1954 song by Tomás Méndez

"Cucurrucucú paloma" (Coo-coo dove) is a Mexican huapango-style song written by Tomás Méndez in 1954. The title is an onomatopeic reference to the characteristic call of the mourning dove, which is evoked in the refrain. The lyrics allude to love sickness.

Over the years, the song has been used in the soundtrack of several films and has gained international popularity. It initially appeared in the classic Mexican comedy Escuela de vagabundos screened in 1955, where it was sung by the star of the film, Pedro Infante.
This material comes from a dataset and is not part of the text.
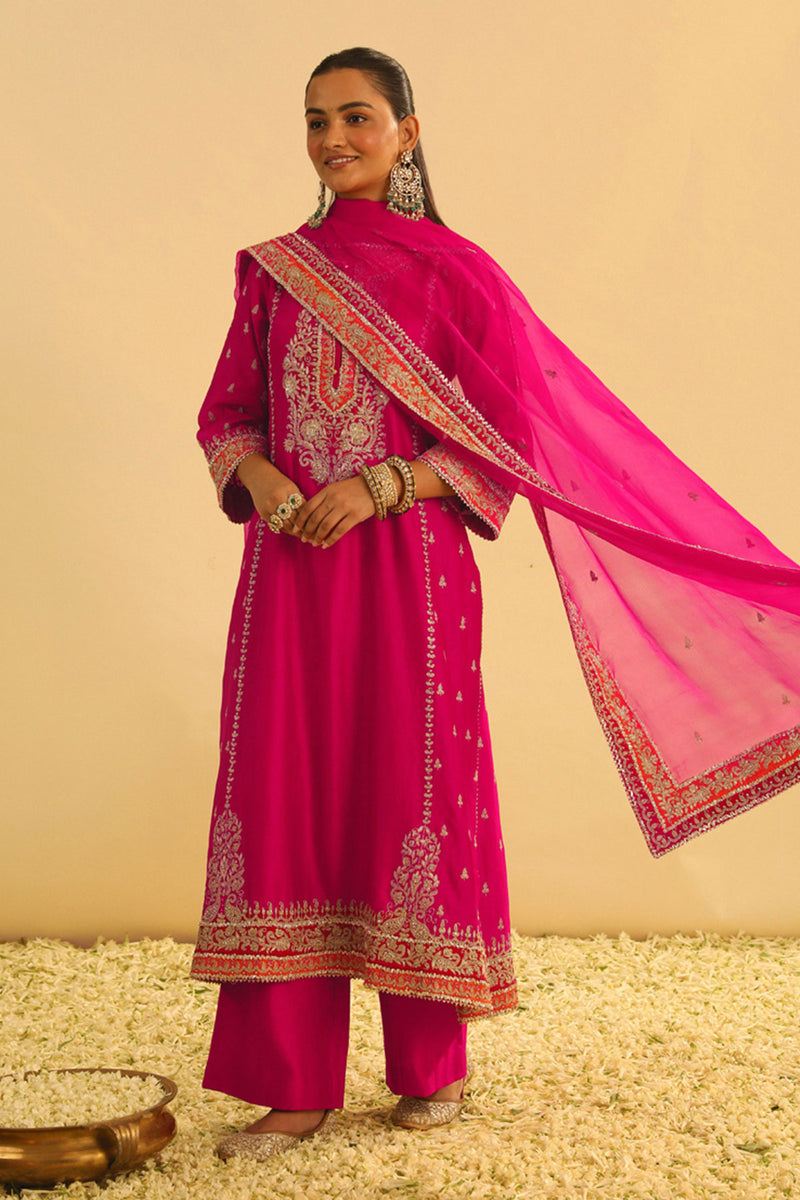 Mayra - Hotpink Long Kurta with Palazzo & Dupatta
The song also gave its name to the 1965 Mexican film Cucurrucucú Paloma, directed by Miguel Delgado, in which it was performed by Lola Beltrán, who starred as "Paloma Méndez".

In Pedro Almodovar's film Talk to Her (2002), the piece is rendered by the Brazilian singer Caetano Veloso in an art-song style quite different from the mariachi folk-kitsch of its original cinema presentation.

Other films in which the song is used include The Last Sunset (1961), Le Magnifique (1973), Happy Together (1997), My Son, My Son, What Have Ye Done (2009), The Five-Year Engagement (2012), and Moonlight (2016).

Since its first release on record in 1956 in a version sung by Harry Belafonte, the song has been recorded by various other popular singers, including Luis Miguel, Rocío Dúrcal, Perry Como, Miguel Aceves Mejía, Nancy Ames, Hibari Misora, Dario Moreno, Gaby Moreno, Nana Mouskouri, Julio Iglesias, Shirley Kwan, Lila Downs, Joan Baez (on her album Gracias a la Vida), Rosemary Clooney, Natalia Lafourcade, and The Del Rubio Triplets; the refrain was also taken up by Franco Battiato in his own song "Cuccurucucù" (on La voce del padrone).

In 2019, operatic tenor Juan Diego Florez sang the song, accompanying himself on guitar at La Scala in Milan, Italy, in a version appearing in a YouTube video that has been viewed 17 million times.